安易なだけならまだしも、それを飾り付ける工夫も特段見られない。グリンチのクリスマスを盗もうとする準備やシンディ・ルーのサンタ捕獲作戦は面白いのだが、いかんせんそこに彼らが相互に作用し、変化の兆しを魅せるといったこともないのだ。

グリンチは、なぜ独りぼっちになっていたのか?についても孤児院や誰もいないクリスマスといった簡易的な回想で済まされてしまっており、それをきっかけに豹変した様子も描かれない。街の人々がグリンチを嫌っているという描写もなければ、そもそも彼らはグリンチをどう思っているのかさえわからない。シンディ・ルーとドナ以外のキャラクターでは、ブリクルバウムぐらいしか一般市民的存在が出てこないため、200軒以上あるという街にそれほどの内容を感じ取れないのである。

丹念に描かれるのはグリンチの現在形か、もしくはシンディ・ルーのミニマムな計画シーンぐらいで、どちらも壮大なドラマはない。細々としたキャラクター描写に徹している。

更には、この予定調和なお話を促進させてしまっているのが、時折入るナレーションである。正直、今作はほとんど映像とキャラクターの台詞で表現できているため、説明は不要だ。にも拘わらず、グリンチの心情やフーの村についての解説が入れられる。グリンチが独りぼっちになった様子を示しながら「独りぼっち」と告げられると、こちらの解釈の幅が縮まってしまう。

映画で言外の情報から考察や類推をしてゆくということは、自分で問いを見つけ、自力で解く行為に等しい。一方ナレーションは作り手に問いを明示され、解説を聞かされるようなものだ。答えに行き着いた時の悦びが得られるのは間違いなく自ら探る方である。この映画は、問いも答えも丁寧に提示してしまうため、その間は受動的な時間にならざるを得ない。

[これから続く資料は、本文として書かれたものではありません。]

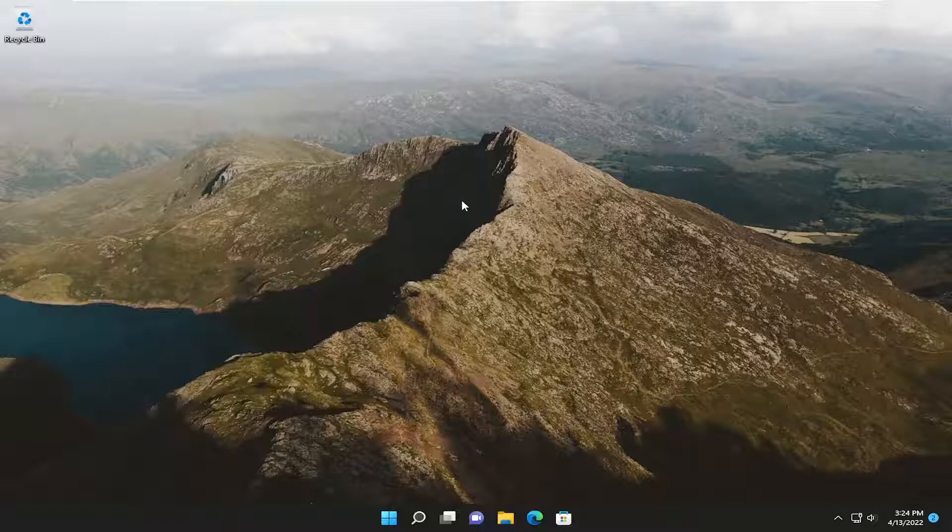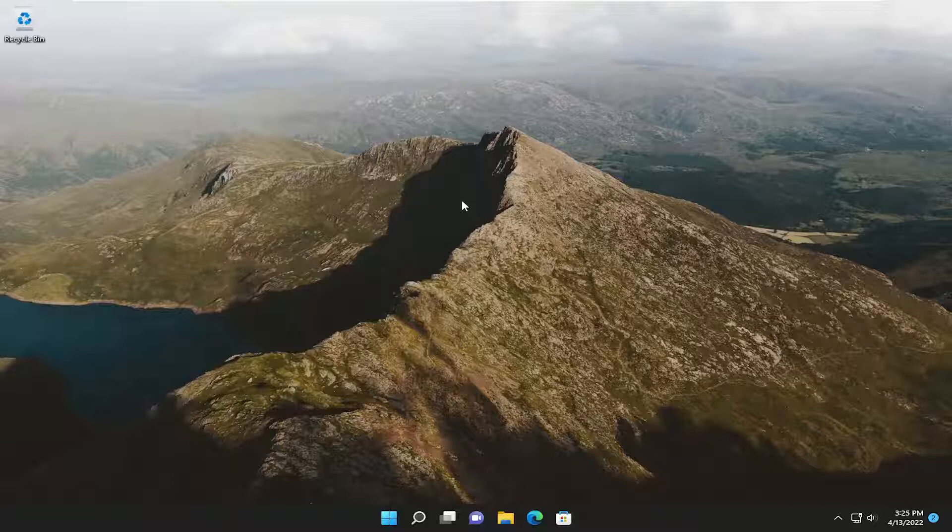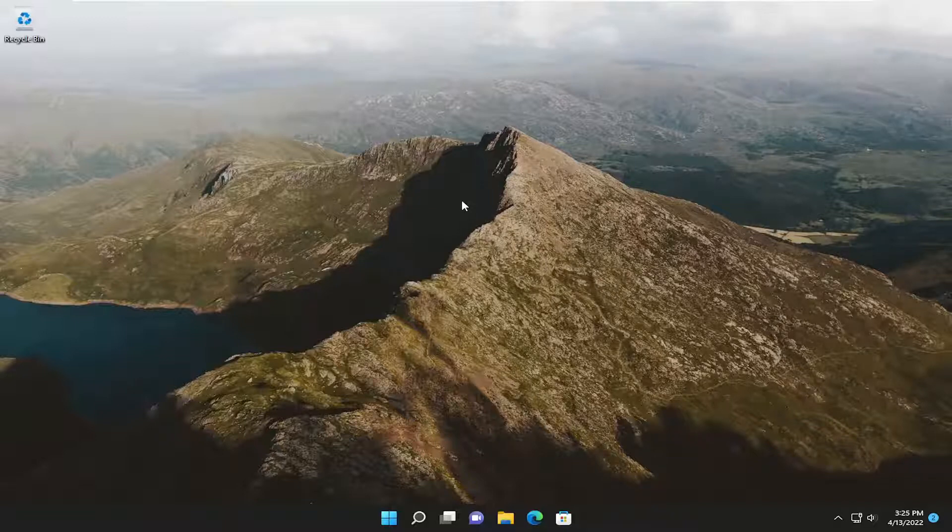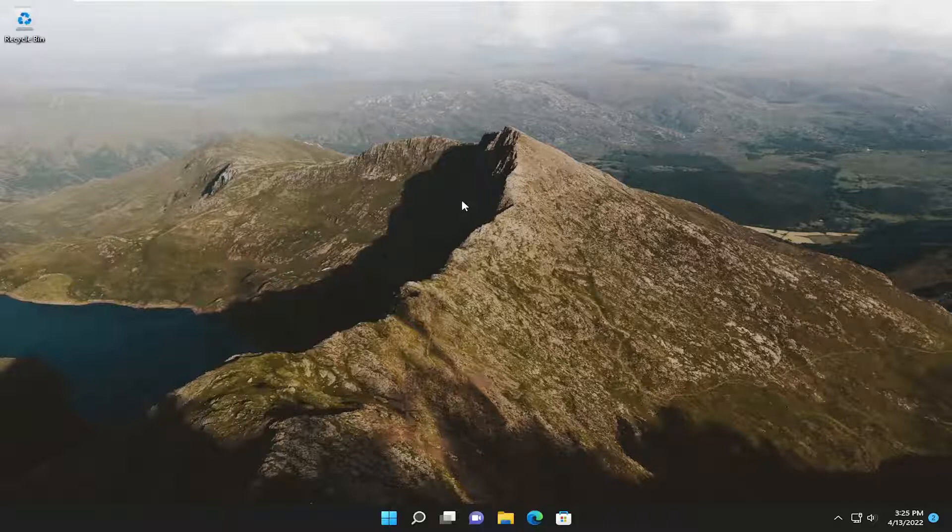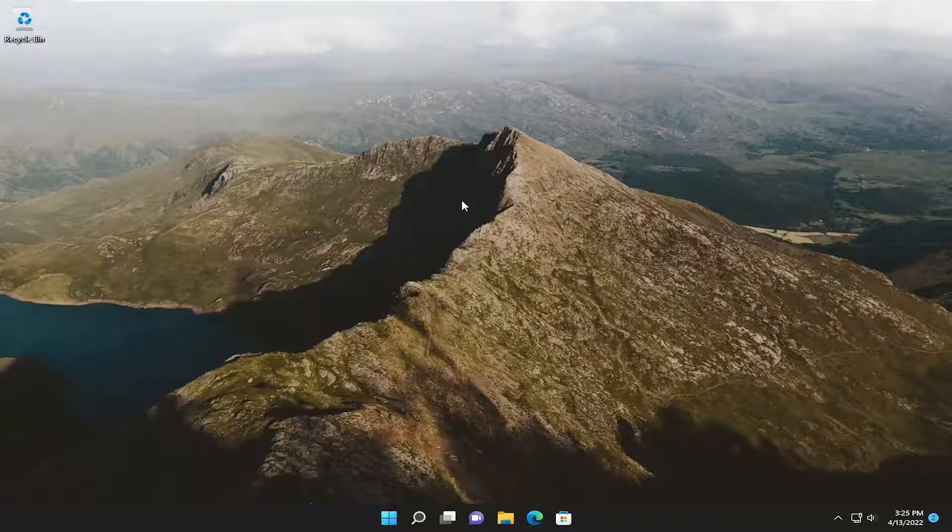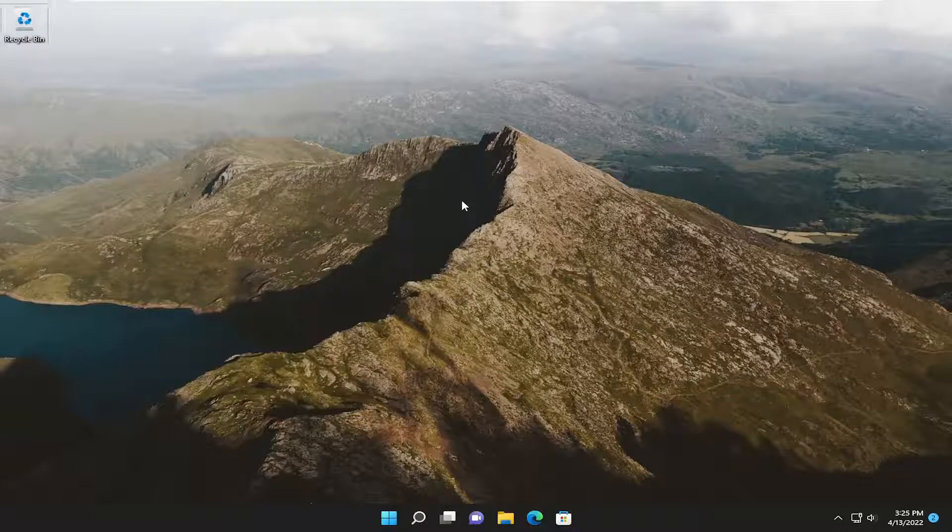So all you have to do is tap Ctrl-Alt-Delete or Ctrl-Alt-End (E-N-D) on your keyboard. So one of those combinations, you'd select those keys on your keyboard.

説明も相まって極度に単純化されたプロットは、予想外に着地するわけでもなく、想定の範囲内に収まる。シンディ・ルーの純粋な願いは、グリンチの変化に押されて存在感を発揮できておらず、グリンチのパラダイムシフトも唐突さが否めない。だが、とにかく2人は平和に暮らすという結末が決められているため、物語は狭いところで細々と幕を閉じるしかない。

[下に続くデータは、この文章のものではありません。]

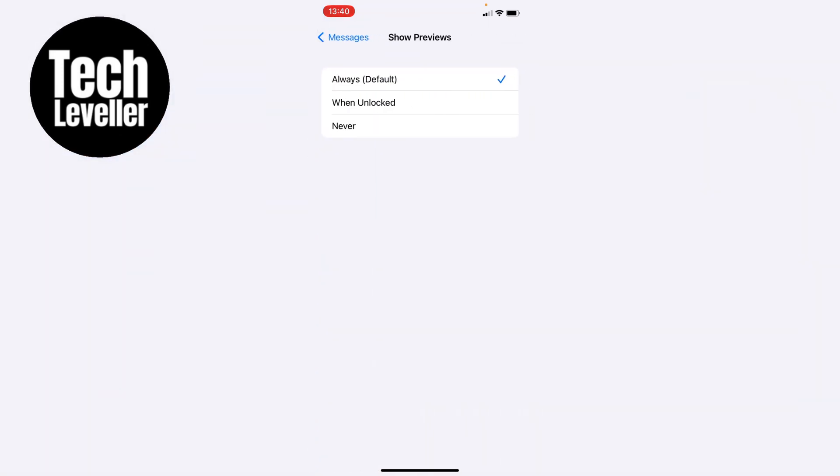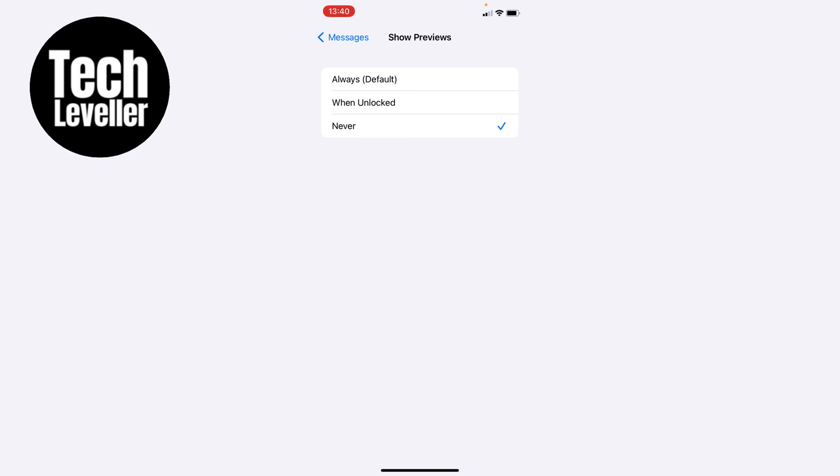So here we have three different options to choose from: the default of always, when unlocked, and never. So always will always show the name on a notification. If we select when unlocked, if your phone's unlocked and you're using it, the notification will show the name.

キャラクター描写が入念だっただけに、ストーリーの薄さが目立ってしまったのは惜しいところだ。

(C)UNIVERSAL PICTURES

 

まとめ: 冬に楽しめる痛快なアニメーション

『グリンチ』は、流れるように現実離れしたアクションや工夫いっぱいのギミックが繰り出されるムービーだ。更に、グリンチも共感も面倒くさい性格をしておきながらどこか憎めないマスコットになっている。

今作はまるでクリスマスツリーのようだ。豪華な飾り付けが暗い気分にも灯りをともしてくれる。一方で、季節が終わるとすぐに片付けられてしまうほどに後に残るものもまた少ない。

だが、裏を返せばそれは誰も入り込みやすい作品になっているとも言える。グリンチというネガティヴな感情を振り回すキャラクターを見守っていられたのは、アニメーションの持つ力による。

今作は観客の楽しいひと時に貢献する冬のアニメーションに違いない。